[Start of Attachment]
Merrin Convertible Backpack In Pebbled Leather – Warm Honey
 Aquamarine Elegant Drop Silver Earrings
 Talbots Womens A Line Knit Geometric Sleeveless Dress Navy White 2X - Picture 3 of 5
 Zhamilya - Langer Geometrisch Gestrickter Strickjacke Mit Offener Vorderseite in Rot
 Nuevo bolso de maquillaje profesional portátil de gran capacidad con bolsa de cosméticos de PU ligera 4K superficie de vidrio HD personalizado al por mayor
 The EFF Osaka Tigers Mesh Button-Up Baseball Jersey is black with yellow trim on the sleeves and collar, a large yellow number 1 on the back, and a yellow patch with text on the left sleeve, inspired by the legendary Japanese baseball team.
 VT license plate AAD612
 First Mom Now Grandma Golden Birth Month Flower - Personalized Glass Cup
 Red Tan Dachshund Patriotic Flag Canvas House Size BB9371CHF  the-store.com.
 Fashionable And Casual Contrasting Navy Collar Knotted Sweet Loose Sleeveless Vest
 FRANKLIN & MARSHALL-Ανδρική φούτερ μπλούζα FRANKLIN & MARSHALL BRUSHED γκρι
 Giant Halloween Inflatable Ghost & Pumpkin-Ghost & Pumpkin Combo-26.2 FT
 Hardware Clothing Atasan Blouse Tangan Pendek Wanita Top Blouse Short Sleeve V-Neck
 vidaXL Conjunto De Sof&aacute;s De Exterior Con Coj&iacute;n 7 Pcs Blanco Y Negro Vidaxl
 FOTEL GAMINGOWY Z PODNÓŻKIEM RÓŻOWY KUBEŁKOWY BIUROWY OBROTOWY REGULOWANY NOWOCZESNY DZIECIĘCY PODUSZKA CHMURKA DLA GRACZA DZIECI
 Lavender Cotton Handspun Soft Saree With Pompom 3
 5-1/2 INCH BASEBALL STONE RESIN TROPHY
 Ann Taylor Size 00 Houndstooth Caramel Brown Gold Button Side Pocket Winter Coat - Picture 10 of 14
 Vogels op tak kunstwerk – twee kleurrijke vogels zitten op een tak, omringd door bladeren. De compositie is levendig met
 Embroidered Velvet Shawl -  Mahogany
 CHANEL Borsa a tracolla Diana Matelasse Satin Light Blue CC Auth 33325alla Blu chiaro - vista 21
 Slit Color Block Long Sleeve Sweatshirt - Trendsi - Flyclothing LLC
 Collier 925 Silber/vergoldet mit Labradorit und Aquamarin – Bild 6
[End of Attachment]
ASSIGNED TASK - Quote the data above verbatim from its first line to the line that includes "Nuevo bolso de", with both boundary lines retained.

SOLUTION TO THIS EXERCISE -
Merrin Convertible Backpack In Pebbled Leather – Warm Honey
 Aquamarine Elegant Drop Silver Earrings
 Talbots Womens A Line Knit Geometric Sleeveless Dress Navy White 2X - Picture 3 of 5
 Zhamilya - Langer Geometrisch Gestrickter Strickjacke Mit Offener Vorderseite in Rot
 Nuevo bolso de maquillaje profesional portátil de gran capacidad con bolsa de cosméticos de PU ligera 4K superficie de vidrio HD personalizado al por mayor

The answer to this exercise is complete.